THE GREY FRIARS IN OXFORD.
HISTORY OF THE CONVENT, A. D. 1224-1538.
CHAPTER I.
EARLY YEARS.
Arrival of the Franciscans at Oxford.—Their early Poverty, and Cheerfulness.—Oxford Friars as Peacemakers, and Crusaders.—Relations to the University, and to the first Colleges.—Their strict observance of the Rule.

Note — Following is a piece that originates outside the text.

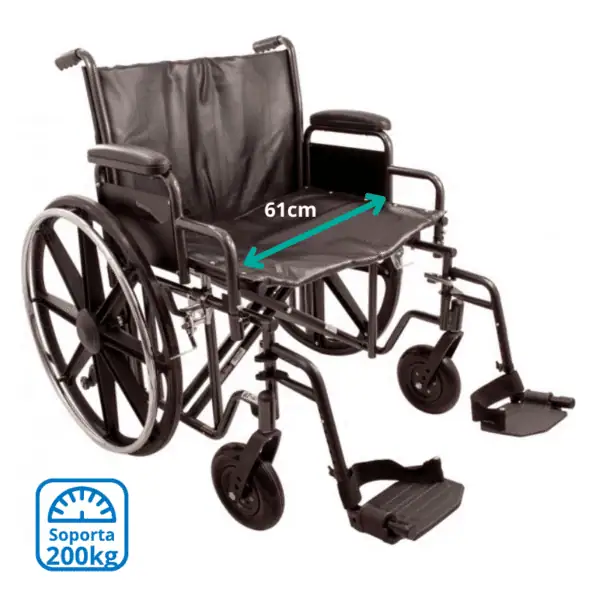 Silla de ruedas bariátrica hasta 200kg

The Franciscans first arrived in England in 1224[3]. On Tuesday, the 10th of September in that year (to follow the account of Friar Thomas Eccleston, the earliest historian of the Order in this country), a company of nine friars, four of them clerks and five laymen, landed at Dover, under the leadership of Agnellus of Pisa, the first Provincial Minister. After staying two days at Canterbury, four of them proceeded to London; and at the end of the month, two of these, Friar Richard of Ingeworth and Friar Richard of Devon, set out for Oxford. It is perhaps to this place that the well-known story told by Bartholomew of Pisa properly belongs[4]. As they neared Oxford they were stopped by the floods, and finding themselves at nightfall ‘in a vast wood which lies between Bath and Oxford,’ they sought refuge ‘for the love of God’ at a grange belonging to the monks of Abingdon, ‘lest they should perish from hunger or the wild beasts in the forest.’ The prior, judging them to be jesters[5], had them turned out; but a young monk, when the rest had gone to bed, put them into a hayloft and brought them bread and beer. That night he had a dream. The prior and his brethren were summoned before the judgment-seat of Christ; and
‘there came a certain poor man, humble and despised, in the habit of those poor friars, and he cried with a loud voice: “O most impartial Judge, the blood of my brethren, which hath been shed this night, crieth unto Thee. The guardians of this place have refused them meat and lodging, although they have left all for Thy sake, and were now coming here to seek those souls which Thou hast redeemed with Thy blood; they would not, in fact, have refused as much to jesters and mummers.”... Then the Judge commanded them to be hanged on the elm that stood in that cloister.’
In the morning the young monk found his companions dead, and became an early convert to the order of St. Francis.